Short descriptive text snippets:
··········
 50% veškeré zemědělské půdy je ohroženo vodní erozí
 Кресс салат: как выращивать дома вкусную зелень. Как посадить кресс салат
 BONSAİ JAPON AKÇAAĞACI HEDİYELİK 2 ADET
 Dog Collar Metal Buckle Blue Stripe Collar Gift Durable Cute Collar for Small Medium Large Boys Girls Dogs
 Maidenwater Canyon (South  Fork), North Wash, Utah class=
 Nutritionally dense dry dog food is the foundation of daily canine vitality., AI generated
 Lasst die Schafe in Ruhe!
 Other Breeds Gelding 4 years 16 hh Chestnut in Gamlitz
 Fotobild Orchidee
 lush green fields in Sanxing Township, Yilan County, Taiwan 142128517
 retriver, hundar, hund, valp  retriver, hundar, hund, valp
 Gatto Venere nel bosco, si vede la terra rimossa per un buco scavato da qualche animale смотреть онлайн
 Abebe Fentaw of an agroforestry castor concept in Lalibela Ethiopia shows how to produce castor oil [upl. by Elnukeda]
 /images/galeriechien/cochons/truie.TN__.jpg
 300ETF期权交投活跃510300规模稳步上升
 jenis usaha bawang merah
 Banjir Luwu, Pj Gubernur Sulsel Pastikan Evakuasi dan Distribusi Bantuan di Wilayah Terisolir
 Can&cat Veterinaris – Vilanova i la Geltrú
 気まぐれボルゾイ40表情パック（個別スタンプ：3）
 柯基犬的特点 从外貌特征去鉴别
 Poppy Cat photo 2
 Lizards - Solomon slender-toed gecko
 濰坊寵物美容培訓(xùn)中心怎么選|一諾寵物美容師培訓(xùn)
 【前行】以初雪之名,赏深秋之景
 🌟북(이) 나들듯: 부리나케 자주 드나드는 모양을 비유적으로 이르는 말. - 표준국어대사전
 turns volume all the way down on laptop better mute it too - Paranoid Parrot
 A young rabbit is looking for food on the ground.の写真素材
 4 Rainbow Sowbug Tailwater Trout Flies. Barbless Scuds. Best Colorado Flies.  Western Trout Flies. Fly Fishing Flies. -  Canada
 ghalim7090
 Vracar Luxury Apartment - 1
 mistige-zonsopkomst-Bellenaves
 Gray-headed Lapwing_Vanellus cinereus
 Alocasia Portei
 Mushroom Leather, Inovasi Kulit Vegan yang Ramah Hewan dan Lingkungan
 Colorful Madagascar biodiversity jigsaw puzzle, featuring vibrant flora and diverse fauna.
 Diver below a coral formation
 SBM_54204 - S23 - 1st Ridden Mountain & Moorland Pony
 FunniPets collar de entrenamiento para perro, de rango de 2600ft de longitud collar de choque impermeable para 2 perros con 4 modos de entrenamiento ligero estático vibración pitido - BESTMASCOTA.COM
··········
--- Work instructions ---
Looking back over the data above, restate word for word the lines that begin at the line with "Кресс салат: как" and end at the line with "Maidenwater Canyon (South", inclusive.

--- Result of the exercise ---
 Кресс салат: как выращивать дома вкусную зелень. Как посадить кресс салат
 BONSAİ JAPON AKÇAAĞACI HEDİYELİK 2 ADET
 Dog Collar Metal Buckle Blue Stripe Collar Gift Durable Cute Collar for Small Medium Large Boys Girls Dogs
 Maidenwater Canyon (South  Fork), North Wash, Utah class=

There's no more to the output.